OÖ.LKUF expects this new approach to save even more time and money, compared to the current environment which already allows many processes to be automated. The initial investment was pretty high compared to former solutions, states Höglinger, but the license validity and automated reporting, operation, and updating will result in significant resource savings.
“The solution really pays off,” Höglinger says, content with his decision. “It virtually runs on its own and is extremely reliable. Personnel expenditures have decreased and quality has improved significantly.

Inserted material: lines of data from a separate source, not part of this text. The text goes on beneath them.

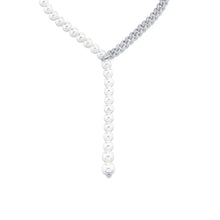 Pearl & Diamond Split Lariat Chain Necklace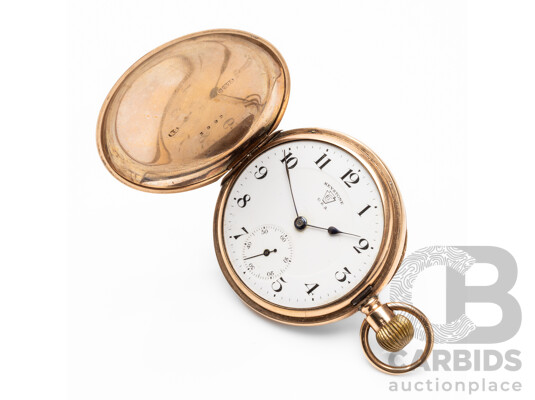Vintage 9ct Rose Gold Keystone, USA Pocket Watch - 3992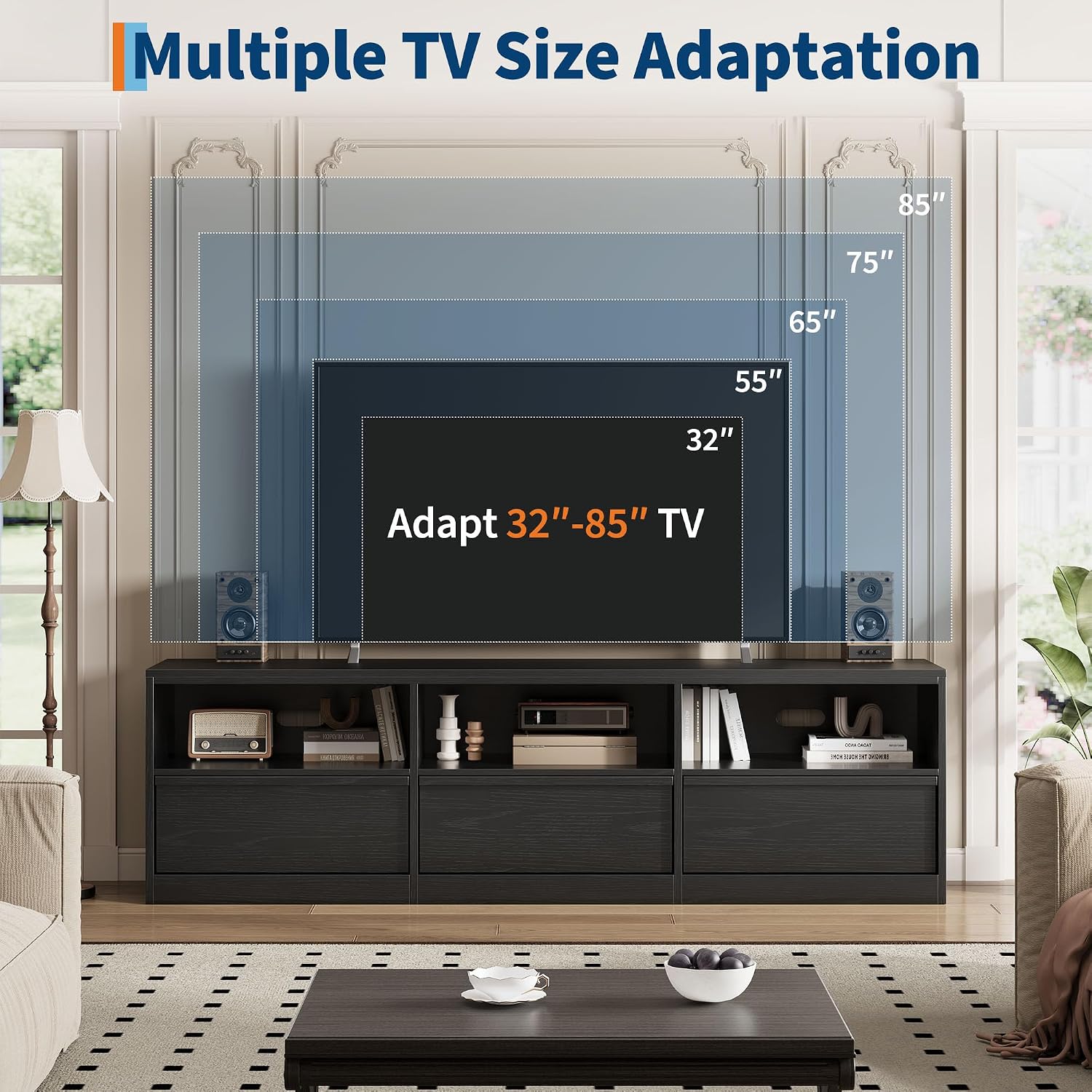 IDEALHOUSE 70 inch TV Stand for 80' TVs, Mid Century Modern Entertainment Center with Storage Drawer & Open Shelves, Wood Media Console Cabinet for Living Room/Bedroom, Black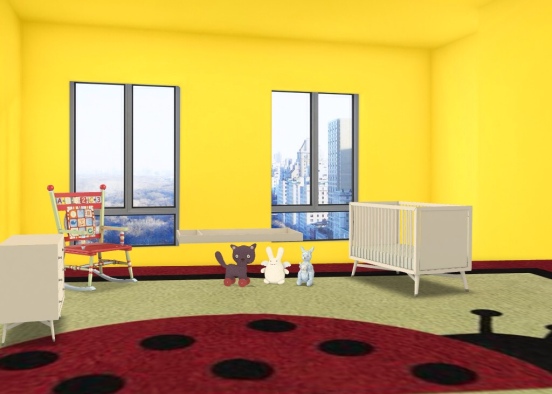 Bright babys room Design Rendering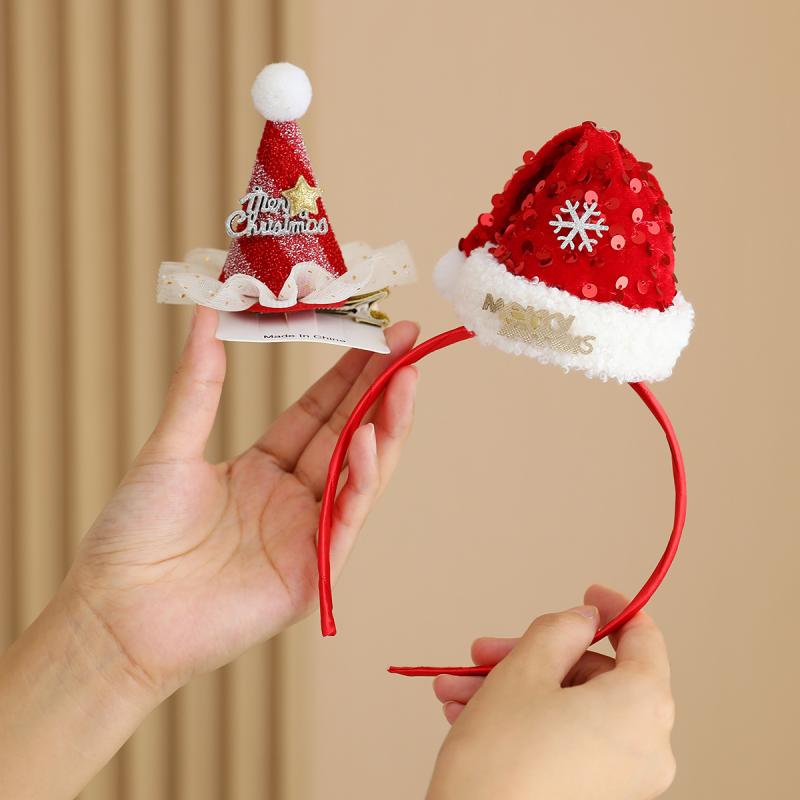 Ceremony, Events Services - ヘアアクセサリー キッズ 女の子 クリスマス向け かわいい 2点セット ヘアクリップ カチューシャ 軽量 プラスチック製 パーティー イベント プレゼント ギフト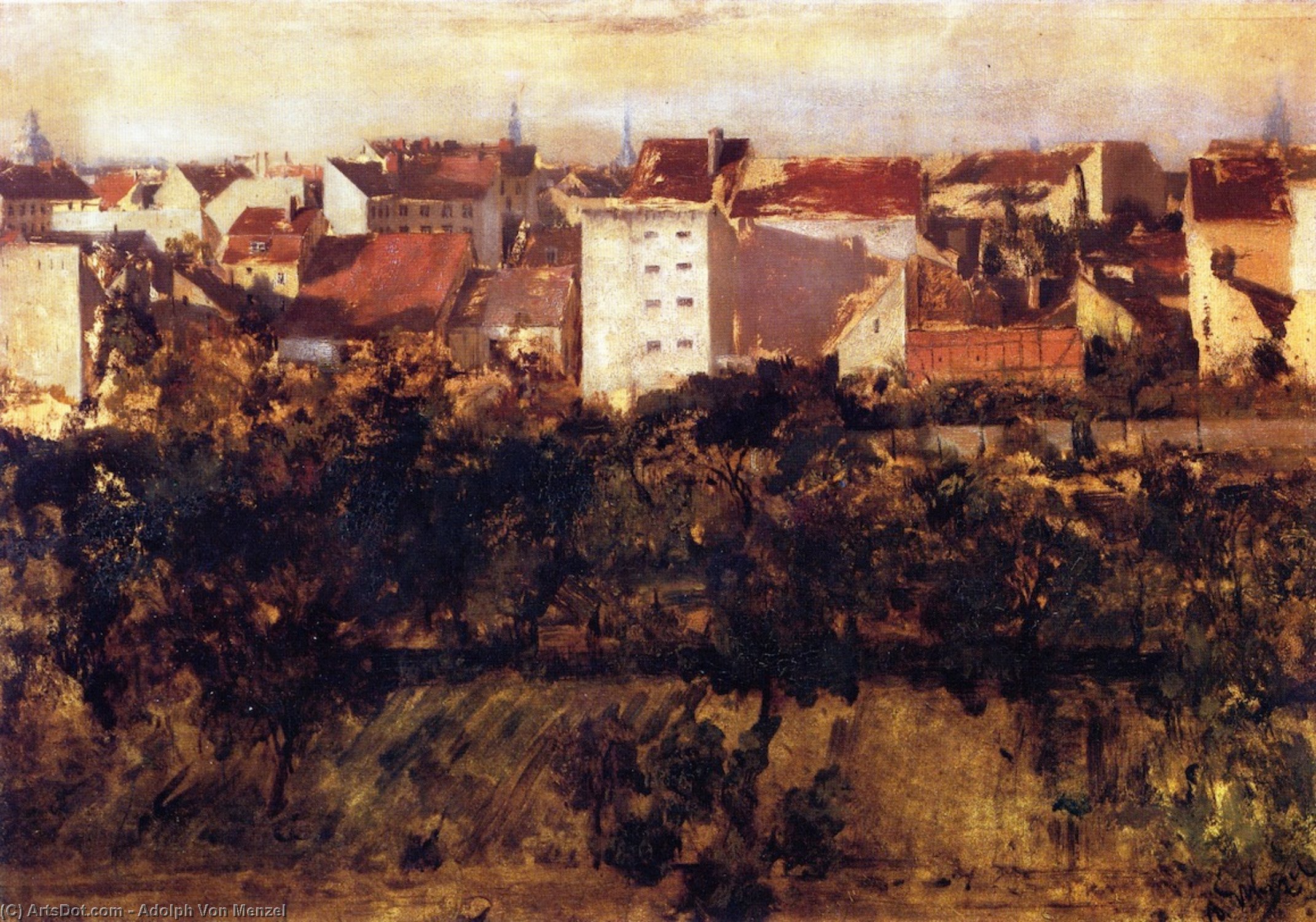 WikiOO.org - Enciclopedia of Fine Arts - Pictura, lucrări de artă Adolph Menzel - View of Back Yards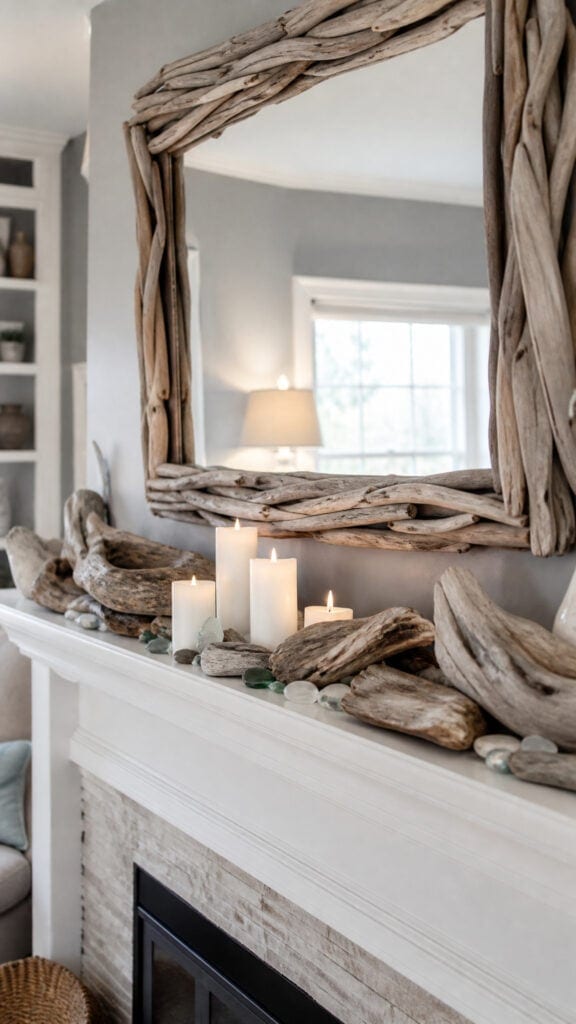 Incorporate Driftwood Elements for Authentic Coastal Vibes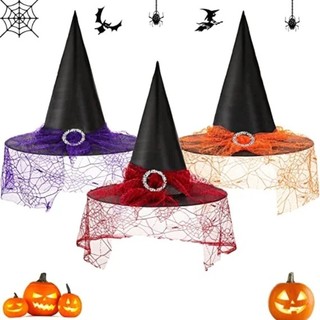 Chapéu De Bruxa Halloween Sangrento C/véu De Renda Tule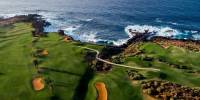 Golf course at Hacienda del Conde Stunning aerial view of the golf course with sea at distance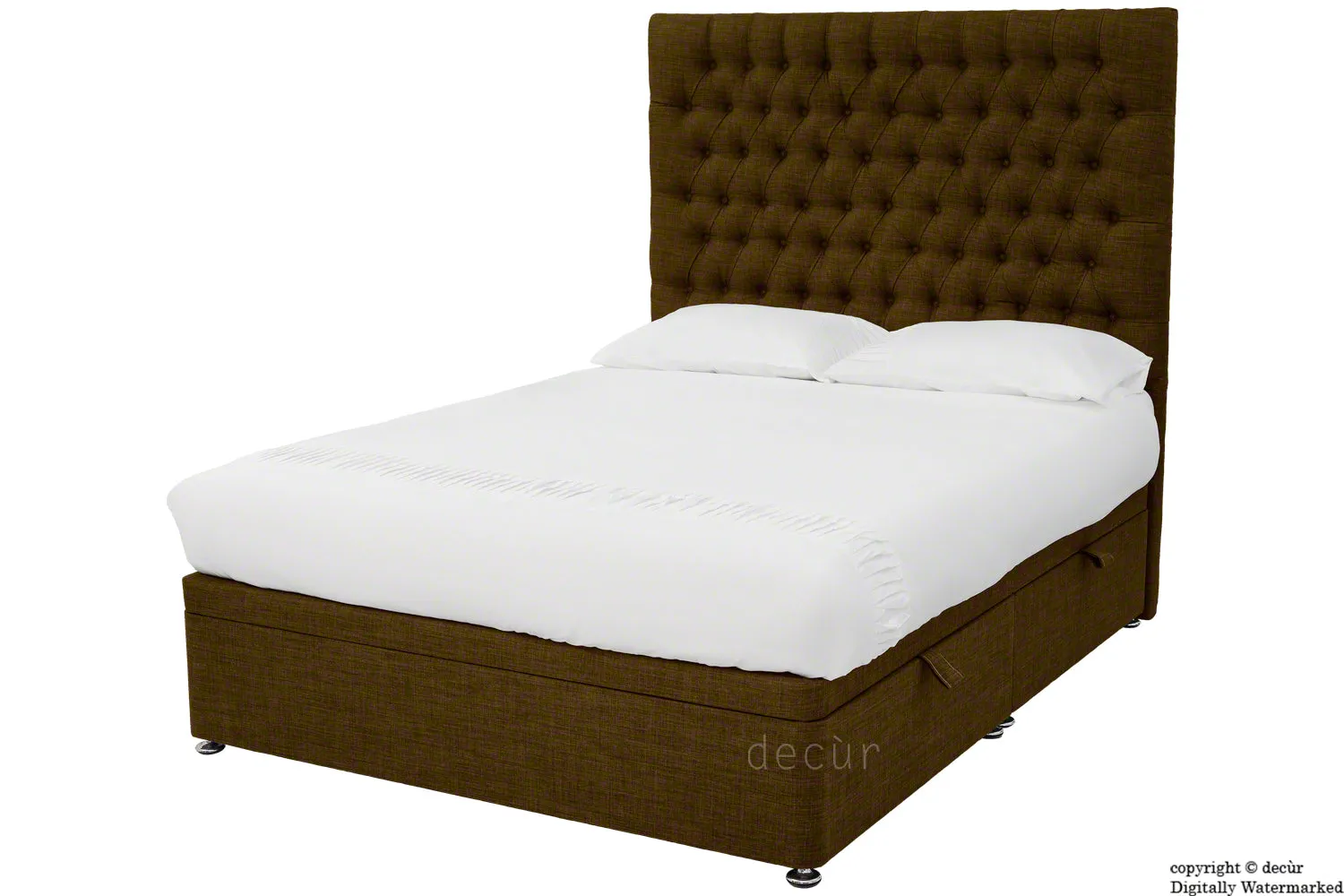 Kensington Linen Upholstered Ottoman Bed - Brown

The product has my highest recommendation.”
Privacy Policies at OÖ.LKUF
- OÖ.LKUF uses Personally Identifiable Information (PII) only to perform its duties.
- OÖ.LKUF ensures compliance with the rights and obligations of the privacy act (Datenschutzgesetz, DSG).
- OÖ.LKUF’s employees are regularly trained in privacy and information security.
- OÖ.LKUF’s technical systems and information security measures are designed to ensure the privacy, availability and integrity of information to the extent of a reasonable economical effort.
- The effectiveness of the measures taken by OÖ.LKUF in respect to privacy and information security are continuously monitored and, if required, amended.